They giggle. “How can we help you, Dr. Doctor?”
“See how sweet the words drool out of your sugary mouth?” he says.
I close my eyes, roll them behind my eyelids, and try not to laugh.
“You’re so sweet,” the shorter one says.
“Did you ever hear about that patient, Mock Turtle?” the Pillar says.
“Of course,” the bigger nurse says. “Pfff. The revolutionist.”
“Revolutionist?”
“You don’t go out much to the real world, do you?” the shorter one says. “Never heard about the Inklings?”
Things are getting weirder by the minute.
“Excuse my ignorance,” the Pillar says. “But, I hate those sane people already.”
“The Mock Turtle is the leader of the revolution against the Queen,” the bigger one says.
“Long live the Queen,” the shorter one adds.
“Of course, long live the Queen,” the Pillar says. “Although she’s too short to live that long,” he says under his breath.
I wonder about the Inklings in the future. Who is leading them in the future? And why am I in a compound, living a luxurious life away from them?
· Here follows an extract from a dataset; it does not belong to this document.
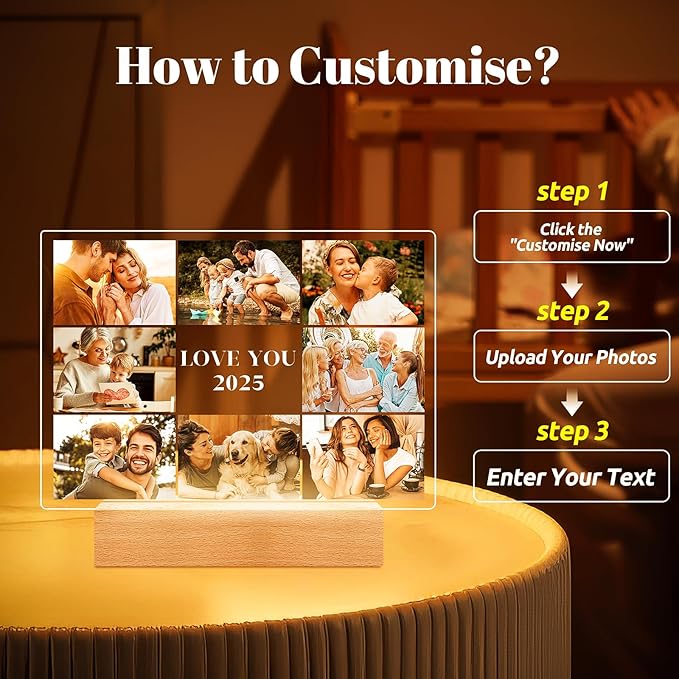 Custom Picture Frames with Photo, Customized Photo Frame with Night Light, Personalized Picture Frame, Personalized Christmas Birthday Gifts for Women Men Her Him Mom Dad Kids Baby Family Friends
Part of a plan?
“Do you know where I can find him, sweeties?” the Pillar says.
“He is in section six,” the shorter one says.
“And where is that?”
“The one known as the Door to Wonderland in Christ Church. But you must have heard of it.”
“Of course I have.” The Pillar fluff-talks them for a few seconds and then rolls my bed ahead.
“You really know where this Door to Wonderland is?” I say, tilting my head back to look at him.
“I do. It’s a door near the library that Lewis Carroll used to stare at for hours while writing the book,” the Pillar says. “It’s said that the dean of the university at the time locked it because it was a real door to Wonderland. And…”
“And what?”
“It’s supposed to be your favorite place for playing as a child.”
“Me?”
“Yes,” the Pillar says. “In fact, it makes sense for this Mock Turtle to wait for you there. If you really keep the keys with him, then the name of the place is like a secret code between you and him. Your favorite childhood place. Makes sense.”
“Do you think me living in the compound is a camouflage, a trick to hide my true identity in the future, and the Mock Turtle being the leader of the revolution is only to delude the Queen?”
“We’re about to know in a second.” The Pillar stops.
I get out of bed and stare at the door he is pointing at. It leads to a garden. A vast one that is the same design as the one in my house at the compound. It looks like another part of Wonderland.
“I’m very curious about this Mock Turtle now,” I say. “Who could it be?”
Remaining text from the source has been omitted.